Many Tunisian leaders would say their country has a democratically elected government and the building blocks for securing constitutional governance and the rule of law and that security challenges must be the priority.

Having a strategic vision doesn’t mean doing everything at once. But it does mean having a sense of the critical necessary changes, and how change in one arena will feed -- positively or negatively -- into another. This requires a broad vision and it requires leaders in myriad organizations and social arenas to put aside or at least attenuate their narrower agendas and ideologies in favor of a comprehensive national agenda. Absent this, you cannot have internal security. On the contrary, what you might get is more insecurity.

What’s an example of how internal security, systematic reform and leadership are linked like that?

Tunisia’s government is understandably inclined to emphasize security so they can focus on economic challenges -- foreign investment, growth and economic restructuring. But there are many Tunisians, especially the economically and social deprived hinterland south and west of the Tunisian coastal region, who fear these security agendas will be pursued without addressing the regional imbalances that deny their communities of infrastructure, tax revenue and jobs.

The resulting sense of estrangement from the political and social agenda of the elites has bred anger and resentment among young people. That, in turn, makes them vulnerable targets for Islamist recruitment. 

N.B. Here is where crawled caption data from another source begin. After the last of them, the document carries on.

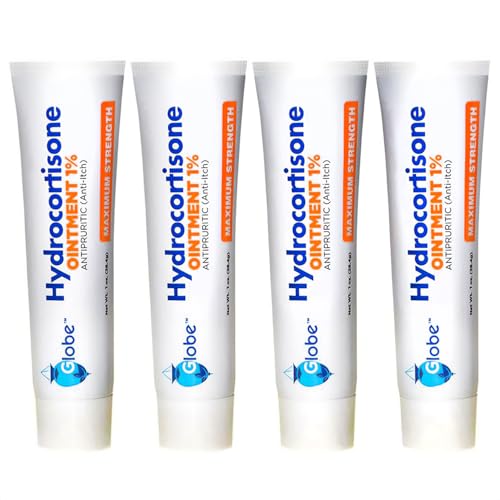 Globe (4 Pack) Hydrocortisone Maximum Strength Transparent Ointment 1% 1 oz Anti-Itch Topical Ointment for Redness Swelling Itching Rash Bug/Mosquito Bites Eczema Hemorrhoids & More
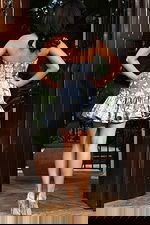 Strapless printed mini dress with ruffled hem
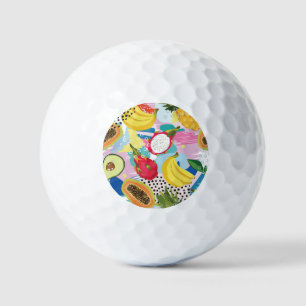 Balles De Golf Fruits tropicaux, Motif Vintage sans soucis.
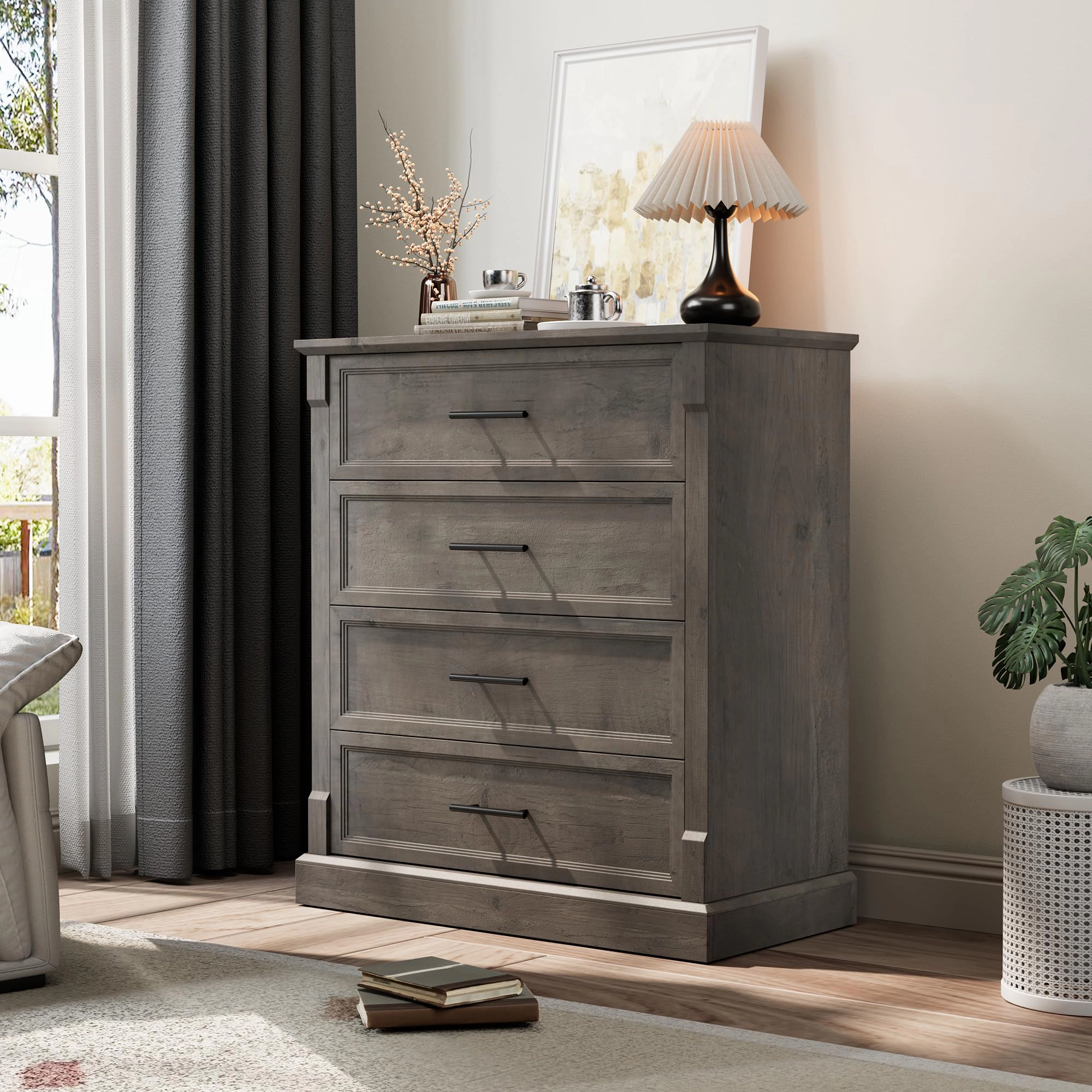 Farmhouse 4 Drawer Tall Dresser with Metal Handles, Rustic Wooden Chest for Bedroom Living Room Hallway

So the big challenge is radical Islamism?

No, the issue is not just the challenge posed by jihadist groups or ideology, but the conditions that create sympathy for that ideology, and those are largely social and economic.  We know, for example, that many Islamists are also profiting from trafficking drugs and other forms of contraband along the borders with Algeria and especially Tunisia.  What starts as an economic opportunity can morph dangerously into Islamist radicalism. 

This is a complex problem that requires a multi-dimensional approach. An emergency decree by itself runs the risk of encouraging a widening net of security actions that backfire by increasing rather than reducing the pool of recruits.

What you need in Tunisia is a comprehensive approach that ensures that Tunisia doesn’t turn everything into a security issue. A more holistic strategy must include a genuine effort by national and local leaders to sustain a measure of consensus and cooperation between Islamists and non-Islamists.

But in the wake of the Sousse attack, the quest for a sustained reform consensus and vision has become much more difficult. This is precisely what the authors of that massacre wanted -- to set the conditions for an intensified domestic conflict that would endanger the state itself. They should not be rewarded.